C’est ainsi que le compte de Nicolas Sarkozy en 2012 avait été invalidé à la suite de la réintégration d’une dépense exposée par l’État pour un déplacement du président en exercice dont la commission a considéré que c’était plus un déplacement électoral. Compte tenu de la propagande éhontée de la presse, des interventions de l’État, du caractère trouble des financements, la validation du compte d’Emmanuel Macron n’est pas évidente. Soyons sûrs que tout passera pourtant sans encombres.
Un apparatchik sans principes
Reste enfin la personnalité d’Emmanuel Macron que l’on peut pressentir à partir de sa trajectoire et d’un certain nombre d’événements qui s’y sont déroulés. On rappelait ici un épisode révélateur et déplaisant à propos du rachat du journal Le Monde. La cession à des investisseurs chinois de l’aéroport de Toulouse-Blagnac et le très trouble bradage de la branche énergie d’Alstom à General Electric mériteraient également examen.
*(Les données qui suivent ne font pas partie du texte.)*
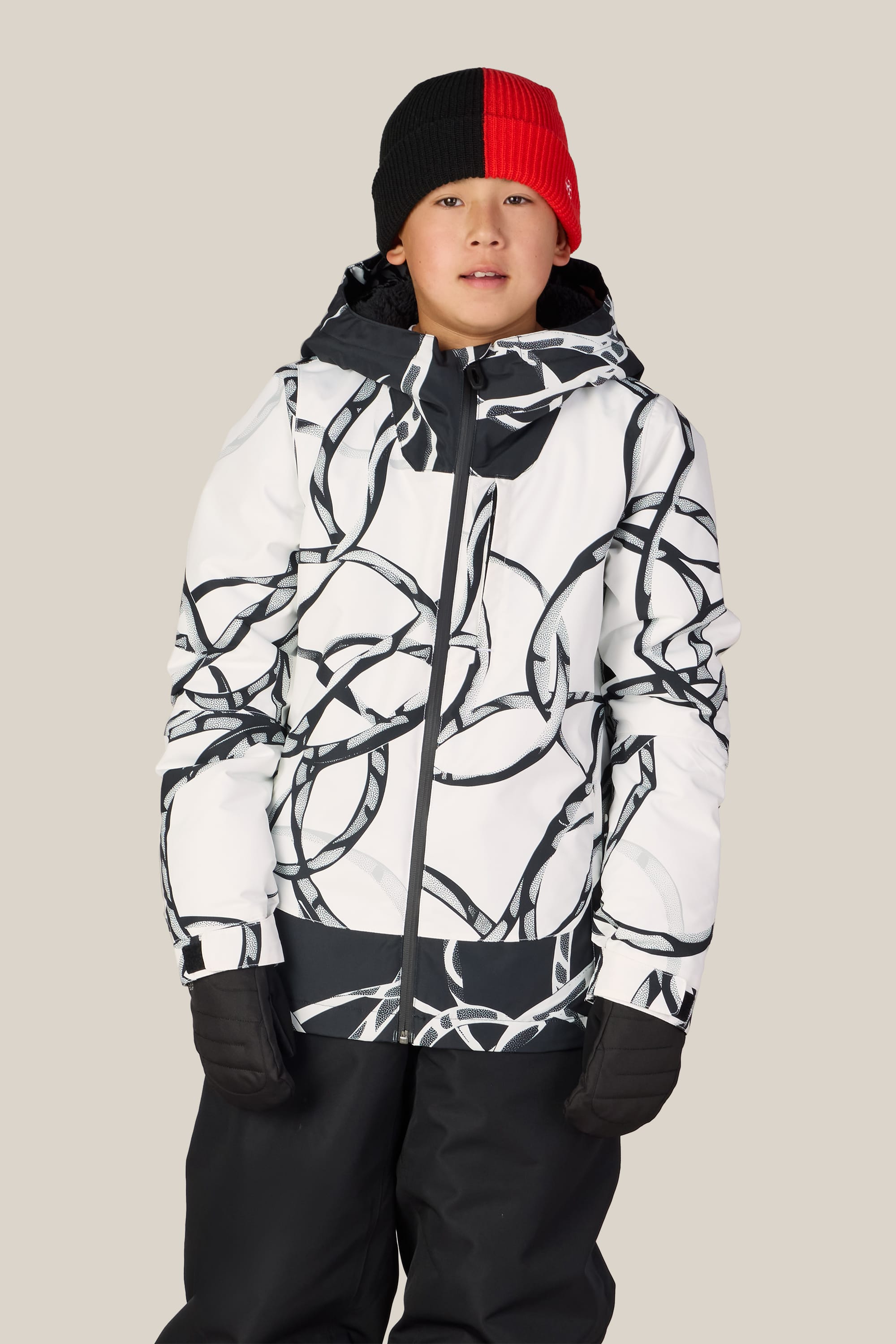 A child wearing the 686 Boys’ Gateway™ Insulated Jacket by 686, featuring a white and black pattern, along with black gloves, black pants, and a red and black beanie stands against a plain light background.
Emmanuel Macron est la solution pour cette partie du Capital, incarnée par l’oligarchie néolibérale mondialisée qui a fait sécession et qui emmène avec elle la petite partie des couches moyennes qui en profitent. Et la campagne électorale montre bien que ces gens-là sont prêts à tout. La bourgeoisie nationale avait choisi François Fillon, elle comprend sa douleur. Si par malheur Emmanuel Macron et ceux qui l’emploient arrivaient au pouvoir, il n’y a aucune chance que les libertés publiques foulées aux pieds depuis cinq ans et martyrisées depuis six mois soient restaurées. On sait bien que la mondialisation néolibérale dont Macron est l’agent, est incompatible avec la démocratie. Gravement incompatible.